Portugal é um país fantástico, onde vive um povo fantástico.
O português nasce com um gene especial, que o faz estar atento ao que se passa “lá fora”, para copiar e adaptar (geralmente mal) e desenrascar-se a fazer seja o que for que lhe dê dinheiro, se possível sem ter muito trabalho.
Há quem nasça com um talento natural para as artes, para as letras ou para a música.
Gostos não se discutem e a par com virtuosos que passam mais tempo no Conservatório do que em casa, há autodidactas que só de ouvido são capazes de tocar um instrumento.
Não quer dizer que tocam bem, mas tocam para quem os quer ouvir. Uns de borla, outros a pagar.
Toda a gente gosta de ouvir música, mas poucos são os que sabem juntar diferentes estilos e interpretes e transforma-los em algo harmonioso e agradável para os sentidos, que os faça sentir-se felizes e lhes dê uma vontade incontrolável de dançar.
Esse talento para produzir uma obra, muitas vezes magistral, a partir de milhares de músicas, é o resultado de muito empenho, investimento e investigação.
Primeiro nasceu o conceito: o DJ era o “curioso” que coleccionava música e organizava festas na garagem (ou na cave) dos pais, para gáudio dos amigos e colegas de escola.
Depois surgiu a profissão: a divulgação da música gravada era feita nas rádios, mas os grandes êxitos começavam a passar nas discotecas e as editoras discográficas aperceberam-se disso e davam-nos em primeira mão, os discos que ainda não estavam à venda.
Quantas vezes nós cobríamos os rótulos dos discos de vinil, para impossibilitar a descoberta do autor do “hit” que fazia as loucuras da pista, sempre que o púnhamos a tocar!
Depois… bom, depois surgiram os “bedroom dj’s” ou “dj’s de trazer por casa”, que nunca foram extintos e, pelo contrário, evoluíram para uma nova espécie: o “digital dj”.
Continuaram a ser amadores, ainda que mais evoluídos.
Esta nova espécie é recente. Tem, quando muito, meia dúzia de anos.
Só conheço um caso de rendição total às novas tecnologias, protagonizado por um bom amigo meu, excelente DJ e profissional, que há mais de 10 ou 12 anos começou a usar o “BPM Studio”, na sua versão profissional, com o respectivo interface e comando personalizado.
Ainda hoje usa, embora tenha evoluído para o “Virtual DJ” pela facilidade de manuseamento de clipes de vídeo.
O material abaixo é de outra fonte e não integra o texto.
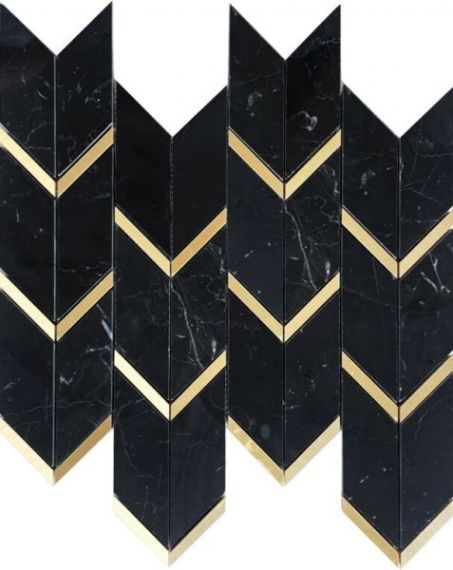 ATLANTIDA BLACK 8mm 32.5x30.5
Mas não deixa de ser um óptimo profissional.
À parte esta brilhante excepção, o “digital dj” tornou-se acessível a qualquer miúdo de 6 anos com um “Magalhães” e uma ligação à internet (para sacar mp3), permitindo que todo o português engenhoso e desenrascado se transformasse de um momento para o outro em DJ de casamentos.
Como esta nova “espécie” de DJ não faz a mais pequena ideia do que é sê-lo, nem dos investimentos contínuos que os verdadeiros profissionais têm de fazer, quer em música legal e original, quer em equipamentos de qualidade, pratica preços altamente convidativos com a promessa de um dia inesquecível.
O que acontece é que geralmente são tão maus, que realmente se tornam inesquecíveis pela negativa.
Mas, como “solo se vive una vez” ou os noivos só se casam uma vez (de cada vez), apesar da má qualidade e péssimo desempenho, ei-los sempre na primeira linha a promover as suas novas “habilidades digitais” e a convencer mais alguns incautos para lhes entregarem a animação de um dia que deverá ser extraordinariamente especial nas suas vidas.
Por isso é que o português se habituou a pagar pouquinho, porque nunca tem a certeza de estar perante um profissional esforçado, ou um “habilidoso digital” desenrascado.
Na dúvida, metem-se todos no mesmo saco e tratam-se como se fossem todos iguais.
Infelizmente, este não é um problema exclusivamente português.
Ou será que os “genes” portugueses têm alguma coisa a ver com isso?
É que no Brasil também sofrem do mesmo mal, ao ponto de lançarem campanhas nas redes sociais contra os “Fake DJ’s”, ou incompetentes auto-proclamados DJ’s.
Mas, lá com o cá, há diferenças.
A grande diferença é que os brasileiros copiaram o modelo de trabalho americano e quando apresentam um orçamento para a animação de um casamento, demarcam-se completamente do panorama português:

- O DJ profissional, não leva equipamento próprio. Entrega aos noivos o “raider” técnico e no dia do casamento aparece na hora do baile só com os phones e a música. Os noivos têm de contratar o aluguer do equipamento de som e de luz a empresas especializadas, que se encarregam da montagem, desmontagem e manutenção do mesmo.
Assim, se alguma coisa “pifar”, a culpa não é do DJ.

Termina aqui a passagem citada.